I have written a web HTML reader through proxy server codes in my last post. However, when I integrate that in a Windows App, it has a small glitch. When I press “Query” Button, it takes 3-10 seconds to get me the result. During this time, if I click on “Query” button again, there will be no reaction, and it looks like the program is freezed. In order to overcome this problem. There are 2 solutions:

1. When OnClick is triggered, disable “Query” button, so users can see that the button is unusable. When the query is done, enable the button again. I like this way. It works pretty good to me.

2. Use multithreading technique. Embed the code I wrote last time in a method. Let’s call it runQuery.
private void runQuery(object o) {…}

In Query_Click method, I will use:
ThreadPool.QueueUserWorkItem(new WaitCallback(runQuery), null);

By doing this, Query_Click will exit as soon as it is clicked, and hand the job over runQuery. This will make the “Query” button available immediately. However, we should always handle multithreading with caution. This approach does create “race condiction”. For example, it can mess up byteCount that returned by stream handlers etc. Therefore, multithreading approach in this application is not appropriate. However, this approach can be helpful sometimes. I remeber they use a calculator application with multithreading support to handle “unresponsible button” problem in mutlithreading tutorial on MSDN.

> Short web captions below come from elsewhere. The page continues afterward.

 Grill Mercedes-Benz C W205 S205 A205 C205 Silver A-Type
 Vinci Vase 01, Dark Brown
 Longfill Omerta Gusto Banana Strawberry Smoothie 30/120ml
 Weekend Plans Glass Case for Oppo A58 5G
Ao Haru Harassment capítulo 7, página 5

Get HTML code from URL by using HTTPWebRequest and WebProxy

Posted in Programming at by chenty

I have created a couple of programs that retrieves web contents in HTML format by using HttpWebRequest class in .NET framework. However, In some cases, I want to retrieve the web content through a proxy server to protect my privacy. This can be done EXTREMELY easy with .NET framework (I start loving Microsoft lately).

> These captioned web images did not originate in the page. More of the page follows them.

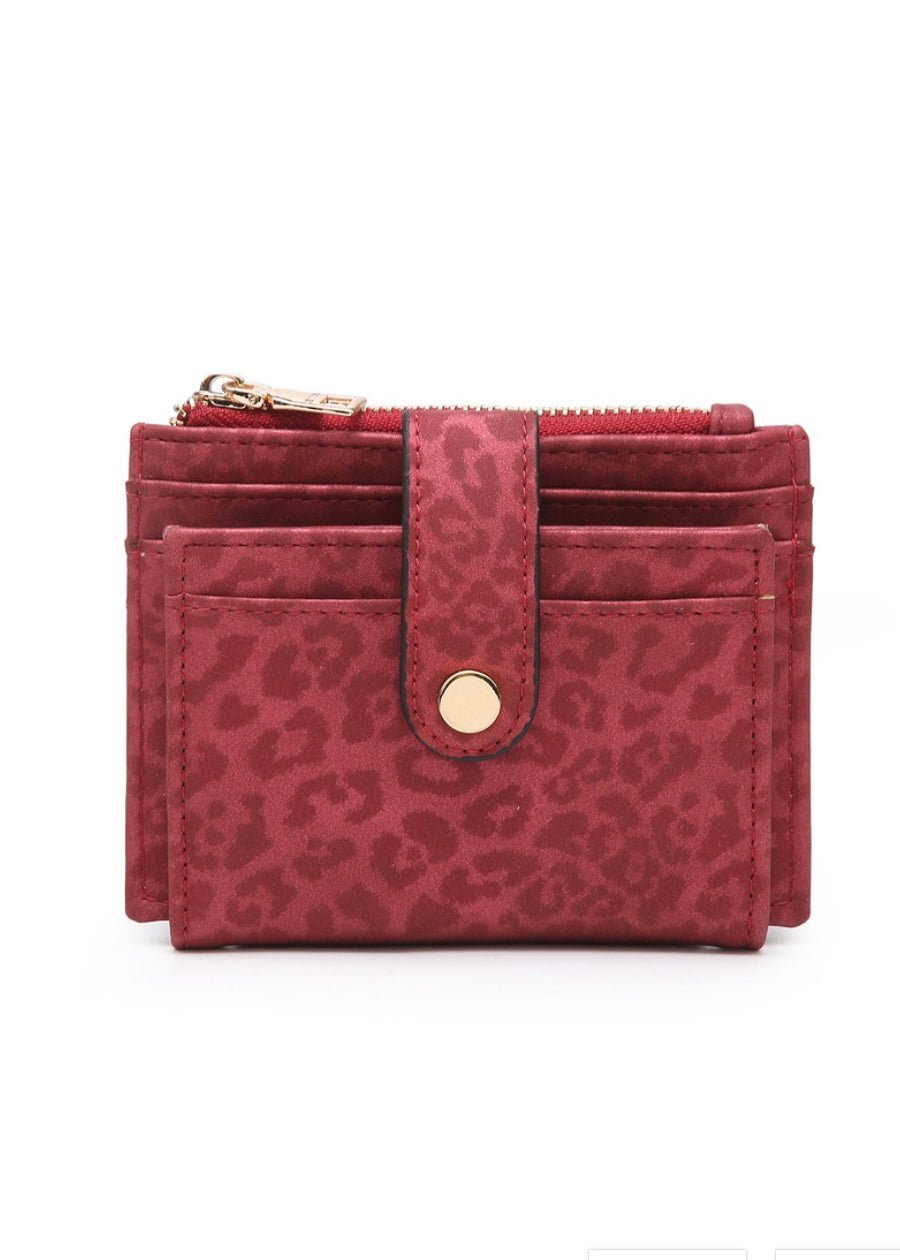 Sam Mini Snap Wallet/Card Holder - Jimberly's Boutique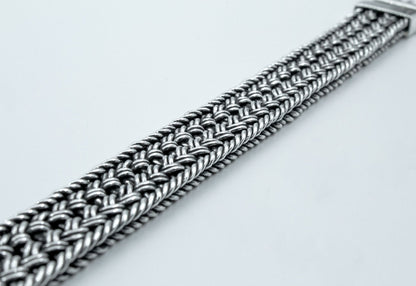 PULSERA TEJIDO DOBLE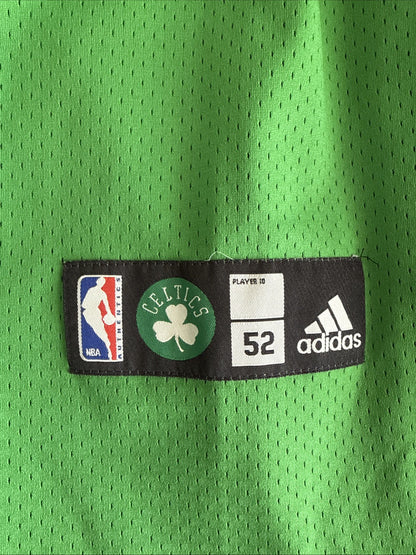 Men’s Adidas Paul Pierce #34 Boston Celtics Authentic Jersey  Sz 52 - Green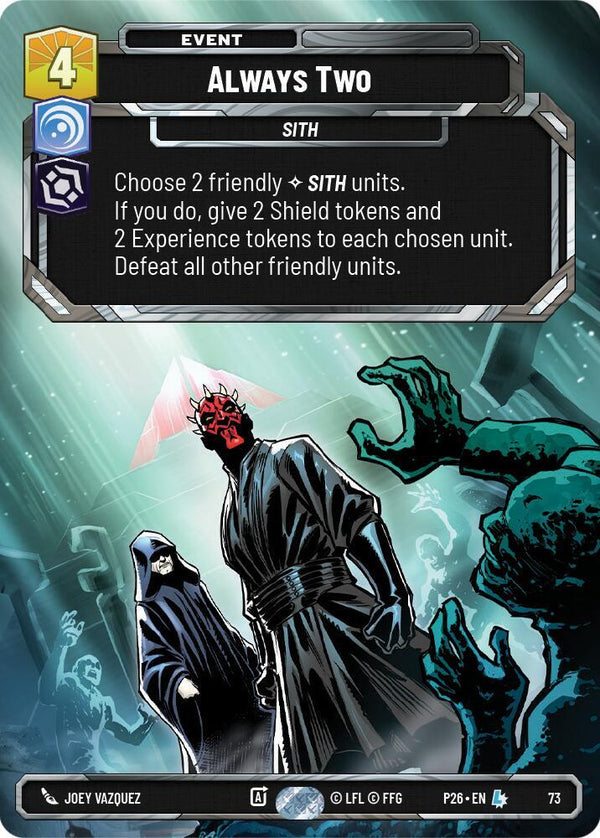 Always Two (73) - Star Wars Unlimited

All I have to do is create a WebProxy object, and assign to HttpWebRequest.Proxy property.
i.e.
WebProxy myProxy = new WebProxy(strProxyServerAddress, intProxyServerPort); //there are 10 different ways to create a WebProxy objects
myRequest.Proxy = myProxy;

That’s it. Quite simple, eh?

Here is a sample code to retrieve a webpage by using URL, Proxy Server, Proxy Port:

try
{
//create a HttpWebRequest
HttpWebRequest myRequest = (HttpWebRequest)WebRequest.Create(strURL);
myRequest.Method = “GET”;
myRequest.Timeout = 10000; //10 seconds timeout

WebProxy myProxy = new WebProxy(strProxyServerAddress, intProxyServerPort)
myRequest.Proxy = myProxy;

//send request
HttpWebResponse myResponse = (HttpWebResponse)myRequest.GetResponse();

Stream myStream = myResponse.GetResponseStream();
StreamReader myStreamReader = new StreamReader(myStream);
return myStreamReader.ReadToEnd().Trim();
}
catch (Exception error)
{
return error.Message;
}

For the codes above, strURL, strProxyServerAddress, and intProxyServerPort are variables for URL, Proxy Server Address, and Proxy Port respectively.

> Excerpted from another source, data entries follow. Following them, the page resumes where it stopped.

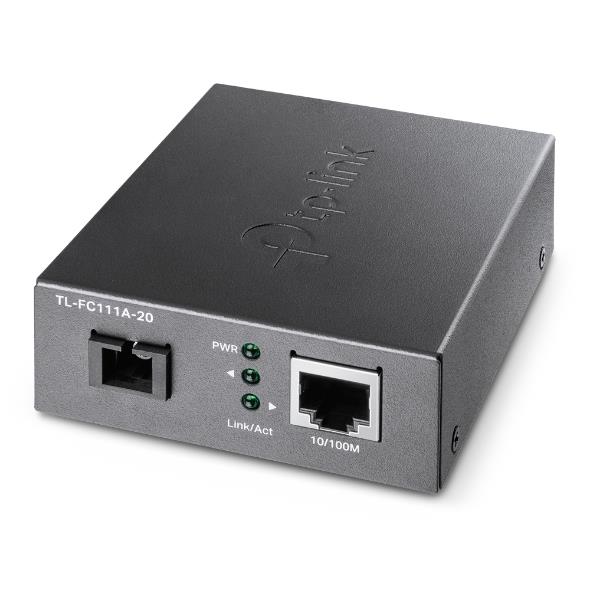 WDM медіаконвертер , FC111A-20 TP-LINK на малюнкі №1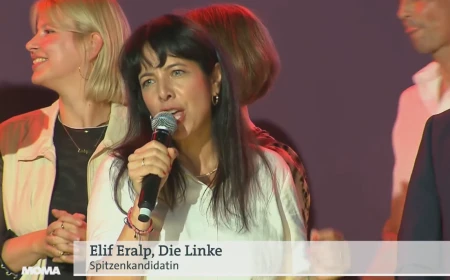 Erif Eralp, o socialistă de etnie turcă, are cele mai mari șanse să devină primărița Berlinului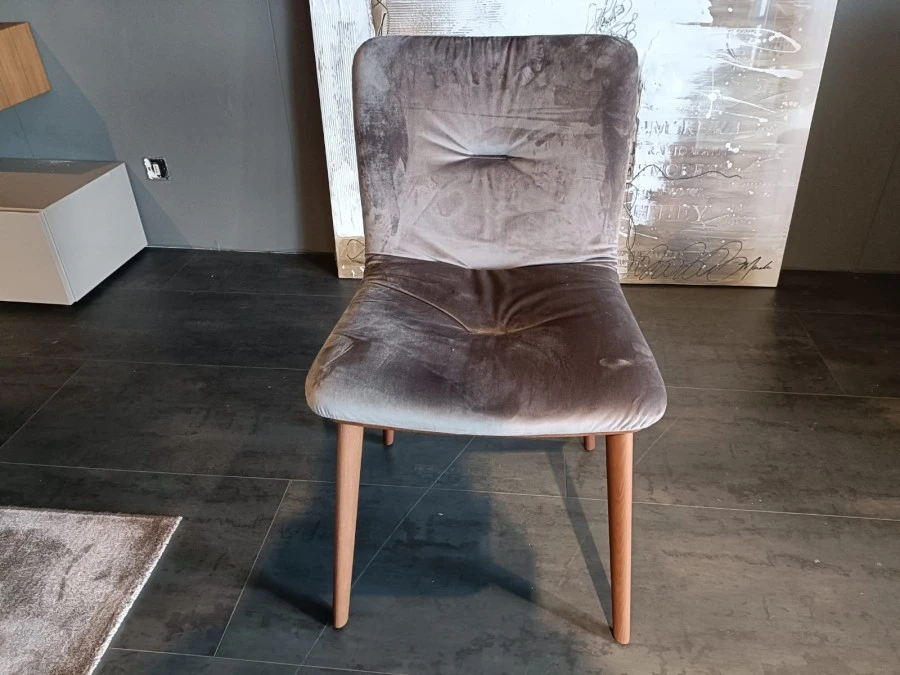 Sedia senza braccioli Calligaris Annie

I setup a 10 seconds timeout because request through a proxy can take longer than directly visit a website, and sometimes it does not work at all. Set a short timeout will make sure the proxy you are using have good quality.

06.20.05

Export from SQL Server to new Excel files using DTS

Posted in Programming at by chenty

I have encountered a problem today by modifying one of DTS package I wrote. The package read data from SQL Server, and saved the result into a .csv file. The file name can be assigned through package global variables and Dynamic Properties Task. It works fine. However, after I changed connection type from “File Destination” to “Microsoft Excel 97-2000″, the package does not work anymore. After debugging around, I found the problem is this package cannot create new .xls files. After researching on Internet, I found the solution.

The problem was for regular text file, it can be created if it does not exist. This does not hold when assigning a non-exist file name as Data Source of Microsoft Excel 97-2000 connection. The solution is you have to create the Excel first, before you run the package that doing transfer. The code to create new Excel files in VB Script is:

Dim appExcel
Dim newBook
Dim oSheet

Set appExcel = CreateObject(”Excel.Application”)
Set newBook = appExcel.Workbooks.Add
Set oSheet = newBook.Worksheets(1)

‘Specify the column name in the Excel worksheet

oSheet.Range(”A1″).Value = “AccountNo”
oSheet.Range(”B1″).Value = “CustomerName”
oSheet.Range(”C1″).Value = “CustomerAddress”

‘Specify the name of the new Excel file to be created

DTSGlobalVariables(”v_FileName”).Value = “c:\abc.xls” /* you can assign this dynamically */
With newBook
.SaveAs DTSGlobalVariables(”fileName”).Value
.save
End With

appExcel.quit

Then you can pass the file name to the package, e.g. oPackage.GlobalVariables.Item(1).Value= DTSGlobalVariables(”v_FileName”).Value

This works well, and now my DTS package can export directly to Excel files. If you are new to DTS and look for more details, here is a link:
http://sqljunkies.com/How%20To/A8CB0AFE-D143-4B49-B865-4FBBFEDFCCD7.scuk

Moved my blog to a new server

Posted in Miscellaneous at by chenty

I am happy I moved my blog to a new host. Blogger is good, but I would rather pay someone to get my own space. I am using WordPress for this new blog system. Now I can easily back up blogs and edit template files (even though I am not quite familiar with PHP). I will also try to a little bit more because I am paying for it. =)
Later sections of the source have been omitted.